Mavi Vatan
Amiral Cem Gürdeniz
Rubicon
Geçildi.
Julius Sezar MÖ 49 yılında Roma’nın kuzeyindeki Rubicon nehrini
geçtiğinde rakibi Pompei’ye ‘’Lacta Alea
Est- Zar Atıldı’’ demişti. Artık ‘’Ok
Yaydan Çıkmıştı.’’ Bu sözün söylenmesine neden olan eylem, yani ‘’Rubicon’un geçilmesi‘’ geri dönüş yok
anlamıyla bütünleşerek günümüze kadar geldi. Jeopolitik çerçevede
kullanılabilecek özelliklere sahip bir kavram olarak günümüzü de tarif ediyor.
Tek Kutupluluk Dönemi Sona Erdi. Avrupa-Atlantik
temelli hegemonyanın 1990’lı yıllardan bu yana sürdürdüğü tek kutupluluğun
yerini çok kutupluluk sancılı bir şekilde aldı. Günümüzde tek kutuplu ABD
liderliği artık pek çok alanda geri çekiliyor. Bu kez Rubicon’u geçen Avrasya
sistemi. Rusya ve Çin ittifakı her alanda ABD liderliğini zorluyor. Yeni
ittifak sistemlerinin doğmasını tetikliyor. ŞİÖ ve BRICS (Brezilya, Rusya,
Hindistan, Çin, Güney Afrika) ile Çin’in BRI (Kuşak ve Yol) girişiminin
yarattığı ekonomik birliktelikler yeni jeopolitik haritada hayat bulan tipik
örnekler. Avrasya’nın oluşturduğu yüksek basınç, Atlantik sistemde de fay
kırılmasına neden oluyor. ABD - Kanada arasında devam eden huzursuzluk; AB’nin
PESCO kararları ile kendi savunma sistemine sahiplik iradesinin öne çıkması;
AB’nin kendi içinde yeni ağırlık merkezlerine bölünmesi; İngiltere’nin AB’den
ayrılması; Commonwealth’in Anglosakson üyelerinin bir araya gelerek yeni
jeopolitik ağırlık merkezi kurma girişimleri (CANZUK - Kanada, Avustralya, Yeni
Zelanda ve İngiltere) son zamanların en önemli gelişmeleri.

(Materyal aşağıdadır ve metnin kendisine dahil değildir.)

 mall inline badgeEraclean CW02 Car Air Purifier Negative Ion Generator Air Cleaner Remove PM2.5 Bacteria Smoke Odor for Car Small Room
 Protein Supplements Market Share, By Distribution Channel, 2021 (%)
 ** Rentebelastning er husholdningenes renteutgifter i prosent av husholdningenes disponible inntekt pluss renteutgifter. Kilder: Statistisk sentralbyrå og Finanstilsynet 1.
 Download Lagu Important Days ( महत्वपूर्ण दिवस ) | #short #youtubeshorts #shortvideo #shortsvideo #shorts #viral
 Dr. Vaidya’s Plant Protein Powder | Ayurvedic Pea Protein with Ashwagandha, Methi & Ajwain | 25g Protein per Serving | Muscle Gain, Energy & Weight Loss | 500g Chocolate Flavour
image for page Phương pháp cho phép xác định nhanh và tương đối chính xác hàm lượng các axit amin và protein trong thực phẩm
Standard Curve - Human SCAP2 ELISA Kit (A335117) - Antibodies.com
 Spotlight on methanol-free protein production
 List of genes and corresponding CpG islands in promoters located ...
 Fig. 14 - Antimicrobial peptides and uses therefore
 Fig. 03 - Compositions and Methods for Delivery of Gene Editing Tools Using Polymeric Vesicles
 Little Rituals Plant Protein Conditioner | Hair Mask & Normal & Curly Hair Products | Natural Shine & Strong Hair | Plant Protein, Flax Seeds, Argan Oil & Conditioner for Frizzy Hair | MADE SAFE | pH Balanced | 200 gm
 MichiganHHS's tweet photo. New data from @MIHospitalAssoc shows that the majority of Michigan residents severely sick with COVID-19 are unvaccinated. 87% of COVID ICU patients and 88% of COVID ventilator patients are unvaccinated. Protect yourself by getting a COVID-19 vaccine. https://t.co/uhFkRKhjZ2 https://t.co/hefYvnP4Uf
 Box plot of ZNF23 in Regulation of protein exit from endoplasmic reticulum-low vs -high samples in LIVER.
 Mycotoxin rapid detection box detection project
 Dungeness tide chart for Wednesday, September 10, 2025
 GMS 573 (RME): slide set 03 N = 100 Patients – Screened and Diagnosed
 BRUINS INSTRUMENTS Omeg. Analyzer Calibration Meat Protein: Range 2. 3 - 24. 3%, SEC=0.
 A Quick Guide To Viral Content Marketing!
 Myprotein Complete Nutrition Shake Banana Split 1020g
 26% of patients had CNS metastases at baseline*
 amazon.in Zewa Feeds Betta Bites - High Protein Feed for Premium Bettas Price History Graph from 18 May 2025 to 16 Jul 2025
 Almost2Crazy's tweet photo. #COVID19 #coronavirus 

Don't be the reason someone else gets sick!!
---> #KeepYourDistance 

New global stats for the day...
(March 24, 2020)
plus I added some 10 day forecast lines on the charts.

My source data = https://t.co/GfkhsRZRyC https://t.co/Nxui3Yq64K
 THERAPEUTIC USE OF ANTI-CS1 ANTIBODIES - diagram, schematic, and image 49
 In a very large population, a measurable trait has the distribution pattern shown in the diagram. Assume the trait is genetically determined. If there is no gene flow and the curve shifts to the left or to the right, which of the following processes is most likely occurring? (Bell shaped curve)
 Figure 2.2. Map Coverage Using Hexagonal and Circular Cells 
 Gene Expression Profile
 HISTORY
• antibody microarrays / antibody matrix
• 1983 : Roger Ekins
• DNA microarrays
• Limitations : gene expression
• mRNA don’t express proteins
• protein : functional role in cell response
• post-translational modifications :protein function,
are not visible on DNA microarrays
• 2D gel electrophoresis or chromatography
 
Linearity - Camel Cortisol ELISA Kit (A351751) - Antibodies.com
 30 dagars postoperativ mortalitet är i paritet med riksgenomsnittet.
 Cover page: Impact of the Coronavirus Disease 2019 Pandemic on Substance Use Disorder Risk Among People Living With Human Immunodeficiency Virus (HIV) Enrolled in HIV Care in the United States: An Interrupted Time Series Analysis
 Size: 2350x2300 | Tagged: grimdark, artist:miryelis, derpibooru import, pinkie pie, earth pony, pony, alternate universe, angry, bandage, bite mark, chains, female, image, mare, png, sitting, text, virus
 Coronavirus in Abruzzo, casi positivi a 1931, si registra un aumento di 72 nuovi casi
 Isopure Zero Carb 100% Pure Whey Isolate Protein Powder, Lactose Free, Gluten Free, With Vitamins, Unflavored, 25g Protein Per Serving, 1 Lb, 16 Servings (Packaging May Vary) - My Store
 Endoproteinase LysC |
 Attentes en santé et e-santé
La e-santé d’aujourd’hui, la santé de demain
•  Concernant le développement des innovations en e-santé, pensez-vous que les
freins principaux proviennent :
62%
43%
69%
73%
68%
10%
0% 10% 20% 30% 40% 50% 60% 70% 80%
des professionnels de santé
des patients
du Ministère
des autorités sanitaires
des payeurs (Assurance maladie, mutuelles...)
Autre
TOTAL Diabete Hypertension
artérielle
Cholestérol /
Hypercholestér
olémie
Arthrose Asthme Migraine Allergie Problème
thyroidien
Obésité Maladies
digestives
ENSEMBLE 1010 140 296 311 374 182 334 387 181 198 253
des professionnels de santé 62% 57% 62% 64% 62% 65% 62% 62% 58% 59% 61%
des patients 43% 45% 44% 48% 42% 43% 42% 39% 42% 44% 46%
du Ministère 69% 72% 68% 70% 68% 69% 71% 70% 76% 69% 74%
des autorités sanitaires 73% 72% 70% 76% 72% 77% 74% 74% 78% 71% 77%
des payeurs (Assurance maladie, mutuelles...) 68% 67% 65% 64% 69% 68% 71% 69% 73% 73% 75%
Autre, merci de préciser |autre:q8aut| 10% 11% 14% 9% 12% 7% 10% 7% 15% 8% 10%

Hegemonyanın Kanlı EI Değiştirmesi. Diğer
taraftan neoliberal sistemin omurgasını teşkil eden Atlantik liderliği, ne
pahasına olursa olsun tek kutuplu sistemi sürdürmenin yol ve yöntemlerini
acımasızca her alanda deniyor. Yöntemler rakibin gücü ile orantılı olarak
değişiyor. Rusya ve Çin gibi BM Güvenlik Konseyi Daimi üyesi kıtasal nükleer
güçlere uygulanan yöntemlerle diğerlerine uygulanan yöntemler arasında fark
oluyor. Güçlü ülkelere karşı başta NATO üzerinden olmak üzere askeri meydan
okumalar; çok büyük çaplı tatbikatlar; siber saldırılar; oyun değiştirici
özelliklere sahip silahlanma programları; ikili/çoklu bölgesel askeri işbirliği
antlaşmaları; yabancı topraklarda askeri üs tesisi; ganbot diplomasisi; örtülü
darbe girişimleri; diplomasi savaşları; ekonomik baskılar; kota, gümrük ve kur
savaşları her gün son dakika haberleri olarak karşımıza çıkıyor. Diğer taraftan
11 Eylül 2001’den itibaren hegemonyanın en kullanışlı kanlı müdahale
enstrümanına dönüşen terörle savaş paradigması, bu yöntem üzerinden stratejik
bir sonuç alınamamasına rağmen devam ediyor. Suriye’den Yemen’e; Gazze’den
Kabil’e özellikle Müslüman dünyasında bu sürecin kanlı sonuçlarını vekil
savaşları üzerinden görüyoruz. Paramparça ve her alanda geri kalmış durumdaki İslam
alemi 1500 yıl öncesinin teolojik, felsefi ve şer’i çelişki ve tartışmalarını
suni hücrenin, yapay zekanın ve kuantum bilgisayarlarının bir kısım örneklerini
teşkil ettiği akıl almaz hızda ilerleyen bilim ve teknolojinin varlığına rağmen
sürdürüyor ve böylece hegemonyanın kolay lokması olmaya devam ediyor. Zira
emperyalizmin altın kuralıdır. Böler ve
yönetir. Bir araya gelemeyen, örgütlü güç oluşturamayan, bilimsel devrimlerin
ardında kalan devlet ve toplumlar da daima acı çekerler.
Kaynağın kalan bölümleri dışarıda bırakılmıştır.